What is the EDITO-Infra Data Lake?

The EDITO-Infra data lake will be an almost homogeneous collection of cloud-ready data origination from EMODnet and CMEMS to be used immediately with little to no file or format conversion. The lake relies on nearby compute resources to do the necessary analysis depending on the particular business need. It trades the sophistication of a database for greater flexibility in data analysis and processing of big data, leveraging the Cloud technologies of high speed and scalable storage and low cost on demand compute. 

Data lakes are designed to provide fast and scalable storage of vast amounts of data, making it accessible for different applications, from big data analytics to machine learning. Their architecture is optimized for the rapid ingestion of different types of data and the speedy retrieval necessary for analytical purposes. 
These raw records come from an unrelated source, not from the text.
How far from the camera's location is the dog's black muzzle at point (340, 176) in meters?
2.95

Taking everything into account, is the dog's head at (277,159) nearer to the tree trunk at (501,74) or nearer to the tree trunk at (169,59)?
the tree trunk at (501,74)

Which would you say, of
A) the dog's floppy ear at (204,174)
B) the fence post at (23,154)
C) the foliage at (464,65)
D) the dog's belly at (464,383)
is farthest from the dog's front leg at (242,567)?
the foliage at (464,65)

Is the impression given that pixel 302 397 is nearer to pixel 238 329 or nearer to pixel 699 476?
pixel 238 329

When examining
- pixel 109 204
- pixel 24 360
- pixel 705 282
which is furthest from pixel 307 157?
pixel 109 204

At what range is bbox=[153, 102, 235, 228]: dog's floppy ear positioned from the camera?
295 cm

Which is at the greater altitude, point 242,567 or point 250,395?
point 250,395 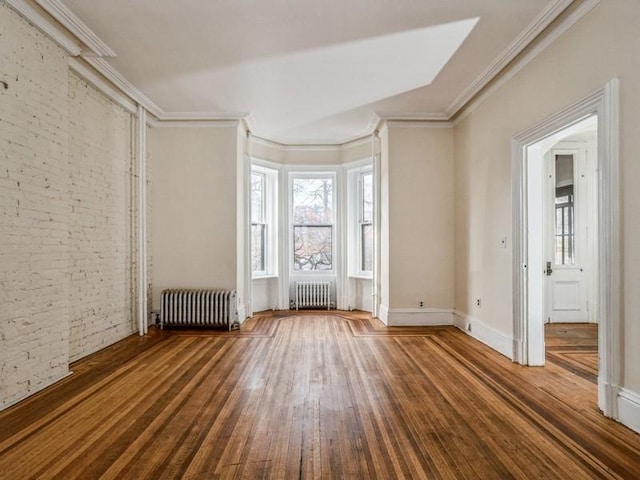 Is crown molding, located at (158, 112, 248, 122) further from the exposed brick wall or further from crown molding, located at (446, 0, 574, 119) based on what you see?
crown molding, located at (446, 0, 574, 119)

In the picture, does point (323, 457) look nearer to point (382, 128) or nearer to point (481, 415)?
point (481, 415)

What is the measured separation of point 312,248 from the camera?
7.21 metres

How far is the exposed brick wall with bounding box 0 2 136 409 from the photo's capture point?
289 centimetres

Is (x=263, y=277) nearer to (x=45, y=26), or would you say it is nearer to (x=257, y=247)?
(x=257, y=247)

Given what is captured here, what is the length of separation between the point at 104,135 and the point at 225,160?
167 centimetres

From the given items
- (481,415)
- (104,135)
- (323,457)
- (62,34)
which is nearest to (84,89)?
(104,135)

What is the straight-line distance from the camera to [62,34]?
11.0ft

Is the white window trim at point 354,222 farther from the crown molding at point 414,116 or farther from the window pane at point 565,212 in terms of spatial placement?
the window pane at point 565,212

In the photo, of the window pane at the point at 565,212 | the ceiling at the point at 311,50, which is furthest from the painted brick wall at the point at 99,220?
the window pane at the point at 565,212

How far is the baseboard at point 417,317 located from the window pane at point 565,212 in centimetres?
203

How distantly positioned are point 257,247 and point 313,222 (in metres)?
1.17

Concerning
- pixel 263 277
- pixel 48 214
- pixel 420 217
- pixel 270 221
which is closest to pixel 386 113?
pixel 420 217

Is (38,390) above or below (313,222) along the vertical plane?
below

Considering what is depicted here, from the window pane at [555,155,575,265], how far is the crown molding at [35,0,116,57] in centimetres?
637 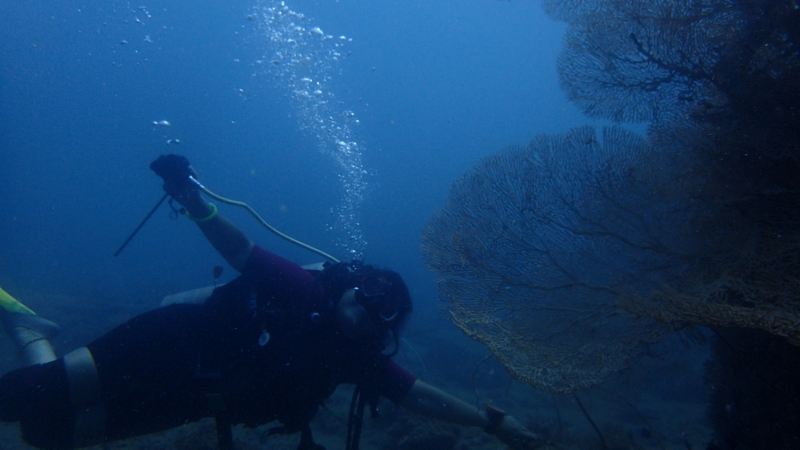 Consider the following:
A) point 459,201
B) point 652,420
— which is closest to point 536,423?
point 652,420

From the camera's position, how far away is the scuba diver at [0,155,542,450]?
2631 mm

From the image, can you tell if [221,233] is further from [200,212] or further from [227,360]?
[227,360]

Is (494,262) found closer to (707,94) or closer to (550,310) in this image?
(550,310)

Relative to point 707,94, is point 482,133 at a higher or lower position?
higher

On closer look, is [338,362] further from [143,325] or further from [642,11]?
[642,11]

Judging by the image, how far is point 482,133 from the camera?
100m

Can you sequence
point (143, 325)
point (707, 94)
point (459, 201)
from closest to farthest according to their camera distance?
1. point (143, 325)
2. point (707, 94)
3. point (459, 201)

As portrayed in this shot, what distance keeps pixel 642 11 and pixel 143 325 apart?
5.98 m

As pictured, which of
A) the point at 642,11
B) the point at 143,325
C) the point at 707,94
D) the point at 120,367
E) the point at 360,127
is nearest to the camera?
the point at 120,367

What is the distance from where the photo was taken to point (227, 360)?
2.88 metres

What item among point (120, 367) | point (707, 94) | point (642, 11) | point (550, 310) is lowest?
point (120, 367)

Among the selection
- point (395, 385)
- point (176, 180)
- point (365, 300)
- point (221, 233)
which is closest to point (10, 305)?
point (176, 180)

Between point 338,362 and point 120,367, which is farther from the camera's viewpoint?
point 338,362

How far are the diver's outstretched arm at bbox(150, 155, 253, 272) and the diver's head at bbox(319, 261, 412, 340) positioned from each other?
0.81m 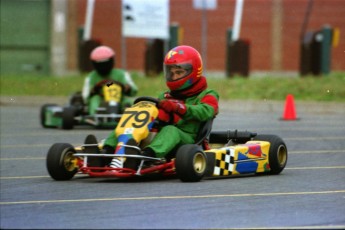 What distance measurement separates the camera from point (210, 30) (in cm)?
3441

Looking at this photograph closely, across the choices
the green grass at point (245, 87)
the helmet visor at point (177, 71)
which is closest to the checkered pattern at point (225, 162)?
the helmet visor at point (177, 71)

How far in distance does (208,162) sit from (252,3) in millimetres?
24742

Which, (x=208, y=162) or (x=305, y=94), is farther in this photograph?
(x=305, y=94)

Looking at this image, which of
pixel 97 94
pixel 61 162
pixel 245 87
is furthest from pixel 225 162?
pixel 245 87

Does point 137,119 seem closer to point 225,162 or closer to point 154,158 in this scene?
point 154,158

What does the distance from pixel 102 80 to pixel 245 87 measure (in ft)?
21.6

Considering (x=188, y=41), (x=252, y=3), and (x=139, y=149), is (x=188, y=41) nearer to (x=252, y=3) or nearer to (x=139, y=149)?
(x=252, y=3)

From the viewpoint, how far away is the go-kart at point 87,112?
1720cm

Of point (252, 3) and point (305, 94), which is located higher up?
point (252, 3)

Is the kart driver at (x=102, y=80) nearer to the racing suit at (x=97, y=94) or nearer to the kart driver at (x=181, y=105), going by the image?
the racing suit at (x=97, y=94)

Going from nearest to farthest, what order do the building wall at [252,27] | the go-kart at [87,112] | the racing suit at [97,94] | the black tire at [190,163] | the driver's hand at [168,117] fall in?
1. the black tire at [190,163]
2. the driver's hand at [168,117]
3. the go-kart at [87,112]
4. the racing suit at [97,94]
5. the building wall at [252,27]

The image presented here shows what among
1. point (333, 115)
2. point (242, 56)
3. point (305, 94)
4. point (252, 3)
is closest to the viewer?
point (333, 115)

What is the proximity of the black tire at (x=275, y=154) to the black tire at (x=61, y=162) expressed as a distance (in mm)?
1885

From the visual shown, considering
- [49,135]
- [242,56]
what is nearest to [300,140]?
[49,135] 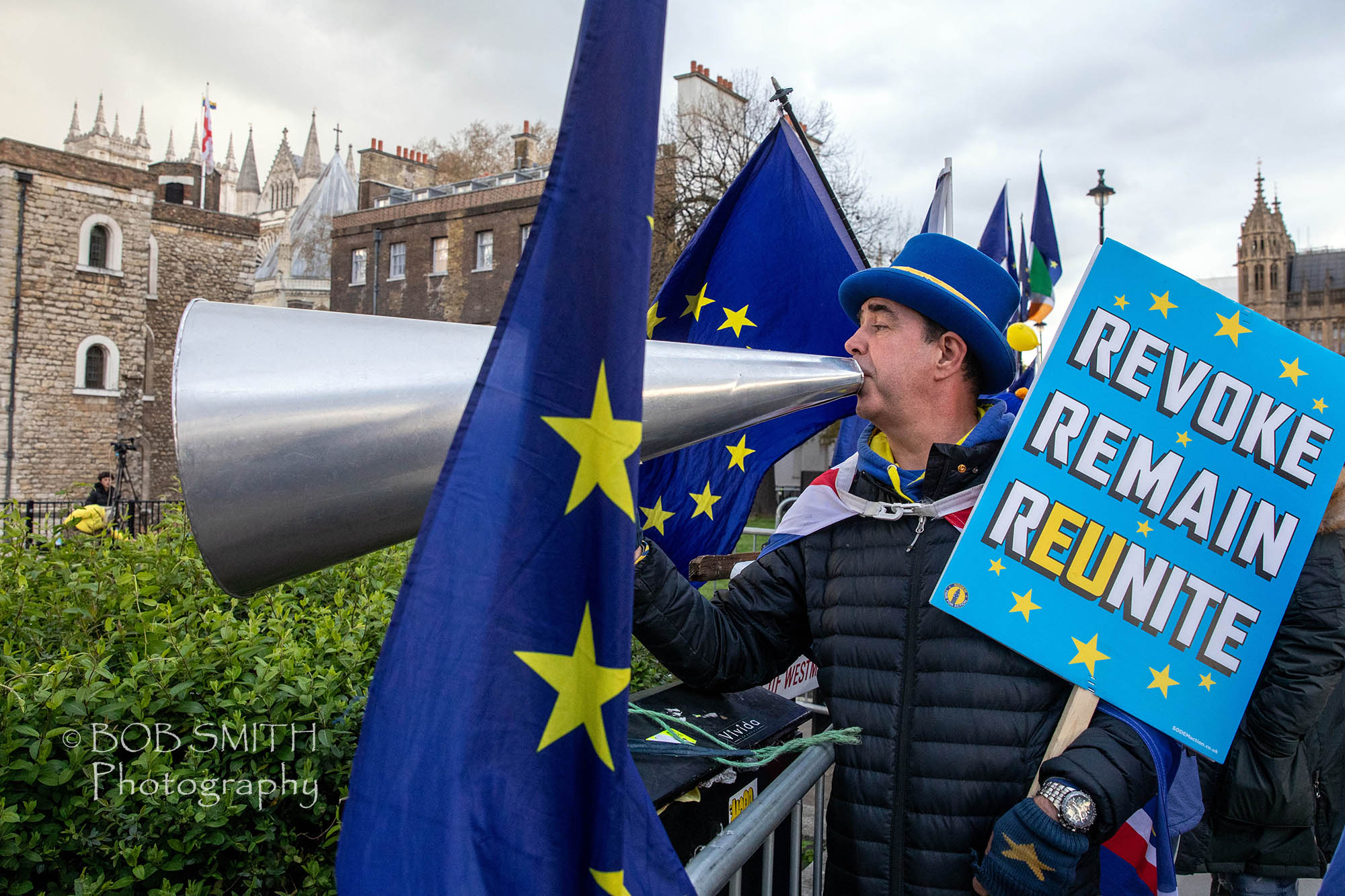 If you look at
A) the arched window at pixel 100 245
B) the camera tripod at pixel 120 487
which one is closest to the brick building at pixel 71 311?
the arched window at pixel 100 245

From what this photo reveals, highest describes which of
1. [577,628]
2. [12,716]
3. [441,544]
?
[441,544]

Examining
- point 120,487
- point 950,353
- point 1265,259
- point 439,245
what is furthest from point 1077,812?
point 1265,259

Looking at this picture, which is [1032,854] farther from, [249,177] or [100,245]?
[249,177]

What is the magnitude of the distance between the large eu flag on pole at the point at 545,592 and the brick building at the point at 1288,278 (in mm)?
95012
Diving into EDITO-Infra's Data Lake

The European Commission has mandated the primary operators of Copernicus Marine and EMODnet (MOi and VLIZ, respectively) to collaboratively design the core infrastructure for the forthcoming EU Digital Twin of the Ocean. EDITO-Infra will serve as an EU public infrastructure enabling the creation and operation of a wealth of local digital twins and innovative applications, catering to a diverse range of users. As a core component of the infrastructure, EDITO-Infra is stepping up the marine data game by creating one of the most innovative data lakes in the marine data sector, integrating key service components of Copernicus Marine and EMODnet

SOME FACTS

  • Size: The EDITO-Infra data lake will handle terabytes of data of scientific quality, making it a unique marine data resource.
  • Storage capacity: When it comes to storage, EDITO-Infra’s data lake will be a robust and scalable cloud solution. It is designed to scale on demand to provide storage capacity when it is needed, ensuring that it can accommodate the ever-growing influx of data without compromising on retrieval speeds or data integrity.
  • Performance: EDITO is a cloud platform and offers the security, scalability, and performance of the underlying public cloud open-source technologies.
  • Connection to Earth Observation Data Stores & HPC resources: One of the unique features of EDITO-Infra’s data lake is that it is linked to Geant, Europe’s high-speed research network, which enables high speed connections to the other European big data assets and HPC centers. This integration allows EDITO to tap into large Earth Observation data archive, providing invaluable insights for industries ranging from agriculture and forestry to urban planning and environmental conservation. It also aims to be fully interoperable with the EU Destination Earth (DestinE)

EDITO-Infra is not just storing Ocean data, but empowering users to derive actionable insights from it, paving the way for data-driven decision-making in diverse sectors.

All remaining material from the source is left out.